_Problem_
Please output exactly the lines below, starting at the line that has "May include: A" and ending at the line that has "Puede incluir: Un", both included; leave out all pictures and include nothing else.

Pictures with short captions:

____

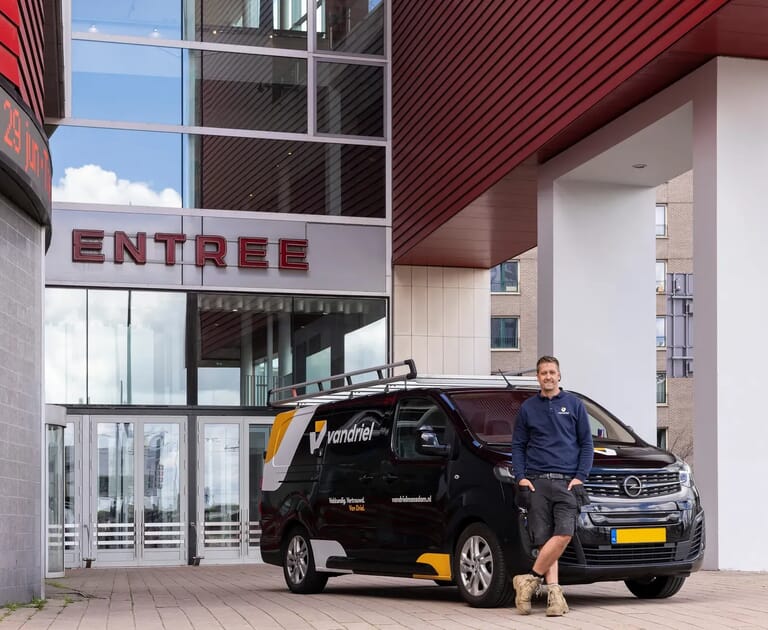 Man bij bedrijfsbusje voor een entree van een gebouw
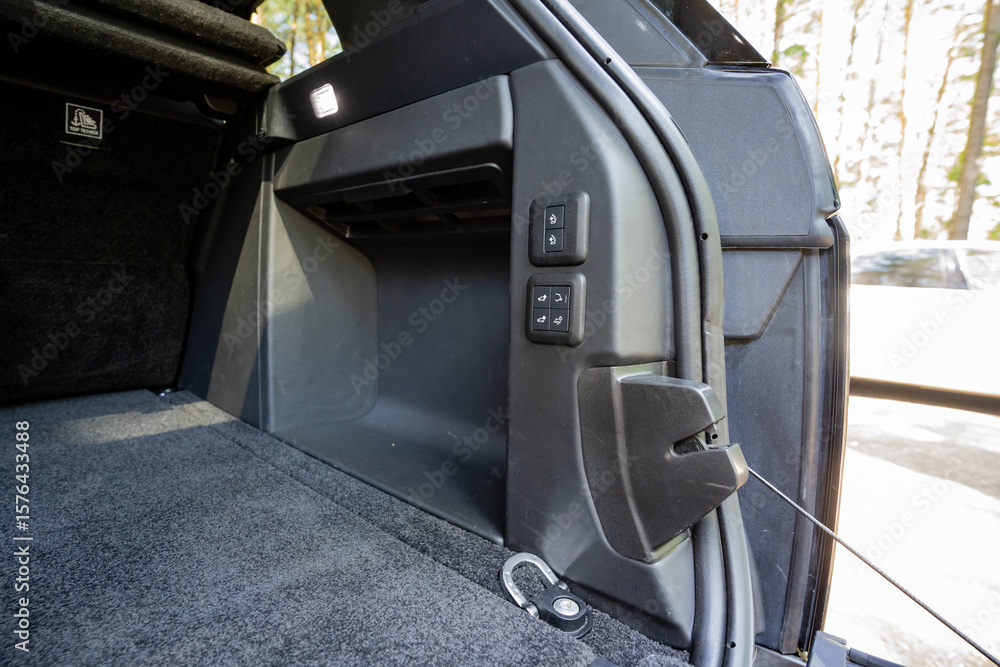 Fototapeta premium This is an interior view of a modern SUV focusing on the cargo area, which features a welldesigned storage compartment along with various controls that enhance functionality and organization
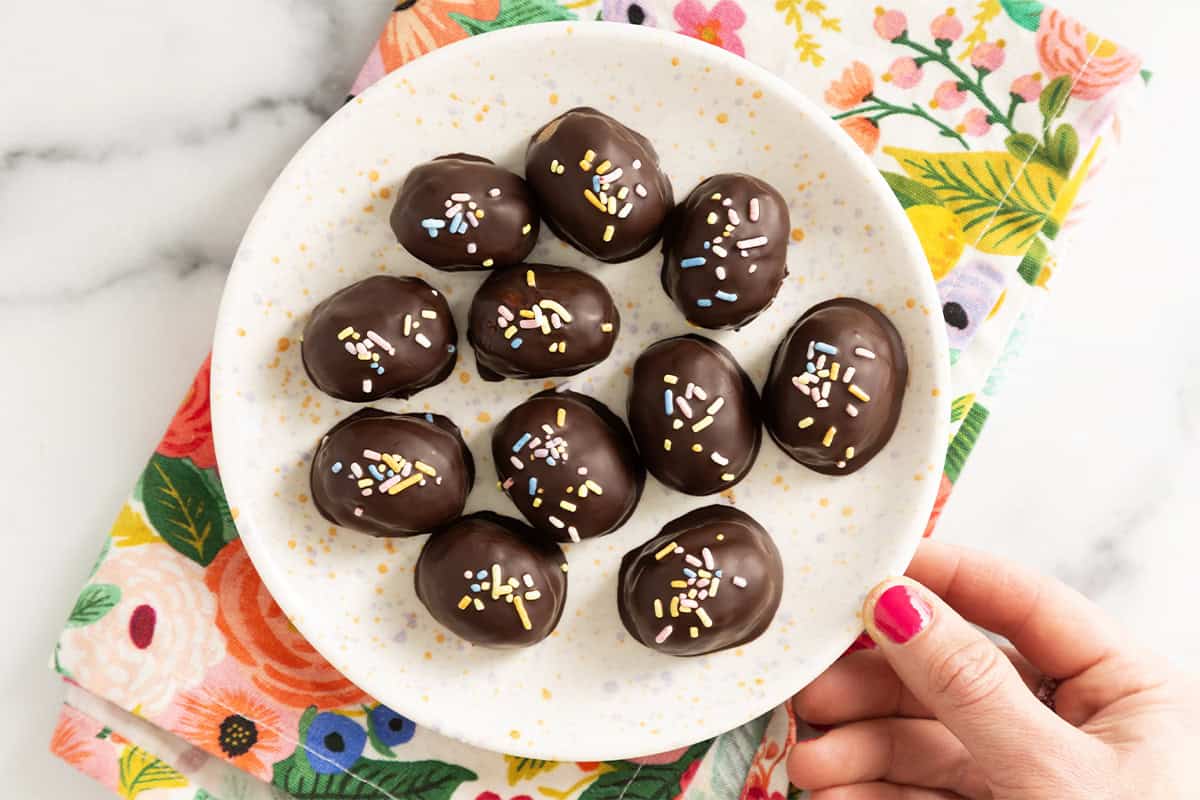 Peanut butter eggs on white plate.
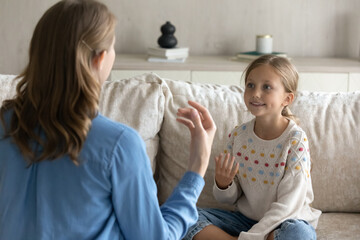 Female therapist teaching pretty kid girl to speak gestures language. Teacher and child practicing speaking, sign communication, vocal exercises, correct pronouncing, foreign language skills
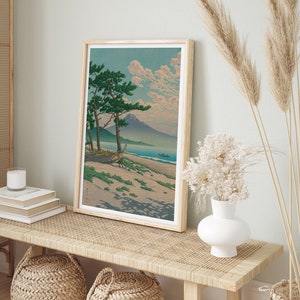 May include: A framed print of a Japanese landscape painting depicting a mountain, a beach, and two pine trees. The painting is in a light wood frame and is hanging on a wall.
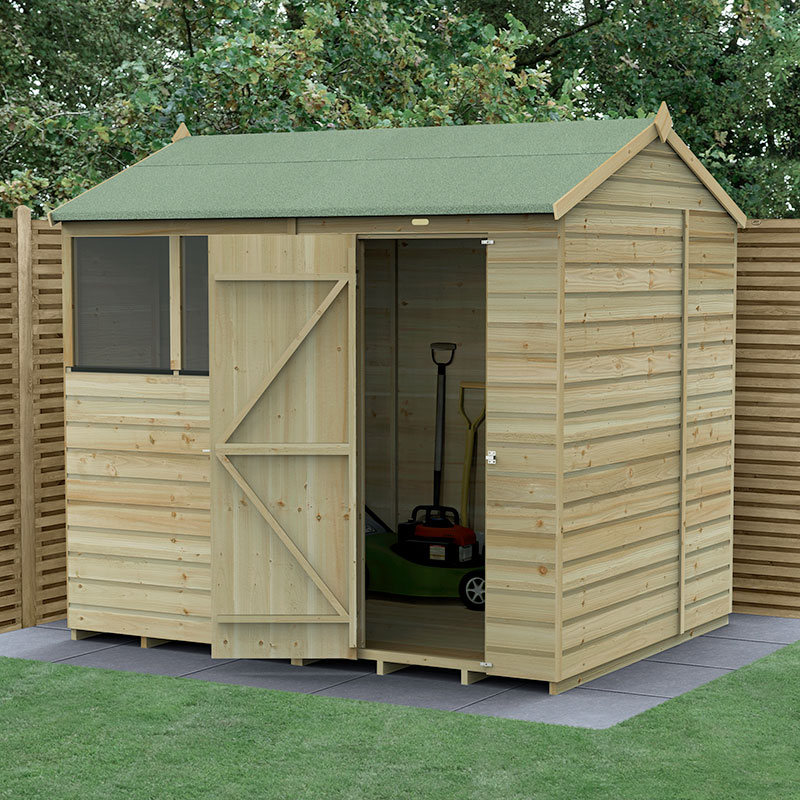 A wooden shed with a reverse apex roof, featuring shiplap cladding, a green felt roof, a side window, and a double door, set on a paved area with grass and surrounding fencing.
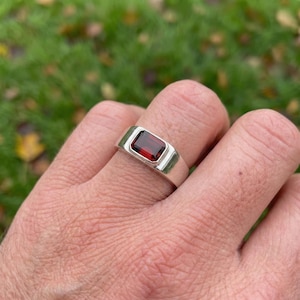 Puede incluir: Un anillo de plata con una piedra preciosa rectangular de color rojo intenso. El anillo tiene un diseño sencillo y moderno con un acabado pulido. La piedra preciosa está engastada en un bisel.
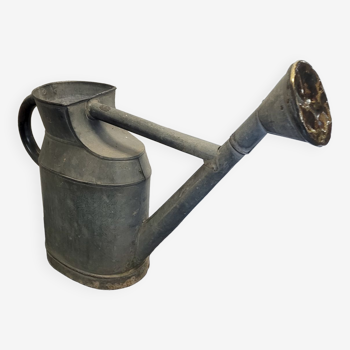 Old zinc watering can with copper apple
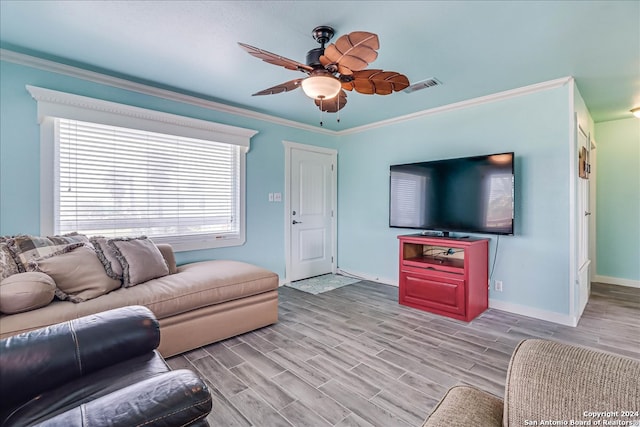 living room featuring ceiling fan, light wood-type flooring, and crown molding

____

_Solution_
 May include: A framed print of a Japanese landscape painting depicting a mountain, a beach, and two pine trees. The painting is in a light wood frame and is hanging on a wall.
 A wooden shed with a reverse apex roof, featuring shiplap cladding, a green felt roof, a side window, and a double door, set on a paved area with grass and surrounding fencing.
 Puede incluir: Un anillo de plata con una piedra preciosa rectangular de color rojo intenso. El anillo tiene un diseño sencillo y moderno con un acabado pulido. La piedra preciosa está engastada en un bisel.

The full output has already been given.